At home in Canada and around the world, we continued to witness violence, discrimination and racism. Racism and discrimination undermine justice. They undermine the rule of law. We have clear duties in pursuit of justice. Combatting racism and discrimination in all forms encompasses an active effort to make our institutions and justice system more diverse and inclusive. Diverse legal professions promote the public interest and further access to justice. 

We all have a role to play — collectively and individually — in combatting systemic racism and racial discrimination and building a fair and just society for all.

Law Society updates
While the provision of legal services fluctuated from online, to in person, to a blend of the two, what remained steady was the work of lawyers and paralegals in providing essential services and access to justice for Ontarians. 

At the Law Society, our public interest work continued. We developed the Rights of Appearance Pilot Project to allow lawyer licensing candidates to attend to an increased number of family law matters. We launched Access to Innovation, a five-year pilot project to allow approved providers of innovative technological legal services to operate in Ontario while complying with risk-based public protection requirements. We continued to combat money laundering and terrorist financing. With a view to enhancing consumer protection, improving transparency and fairness for clients, we implemented Contingency Fee reforms

Looking to the future and celebrating the past

While this report details the Law Society’s 2021 operations, I must look forward. The Law Society marks its 225th anniversary in 2022 — a milestone deserving of recognition.

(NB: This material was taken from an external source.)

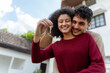 © Kawee - Portrait of Latina couple holding a key and small wooden house model.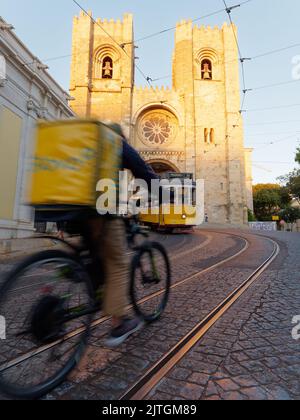 La Cathédrale Saint Mary Major alias la Cathédrale de Lisbonne (Sé de Lisboa). Tram et un cycliste de livraison avec un sac jaune à l'avant. Soirée de Summers. Banque D'Images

Founded in 1797, the creation of the Law Society as a self-governing body was an innovation and became the model for law societies across Canada. The Law Society was created to ensure that all persons who practise law in Ontario were competent, followed proper procedures and behaved ethically. More than two centuries later, these remain the core of the Law Society’s public interest mandate.

As my term as Treasurer comes to an end, I am reminded that self-governance is no less a privilege today than it was 225 years ago. To maintain the privilege of self-governance, the public interest must always be of paramount concern to the Law Society.  

I congratulate the Law Society on this milestone anniversary and share my gratitude for the dedicated work of benchers, the unwavering leadership of CEO Diana Miles and for everyone at the Law Society for their commitment to honouring and maintaining its important public interest mandate. It has been one of the great honours of my career to serve as Treasurer of the Law Society. Stay safe and well.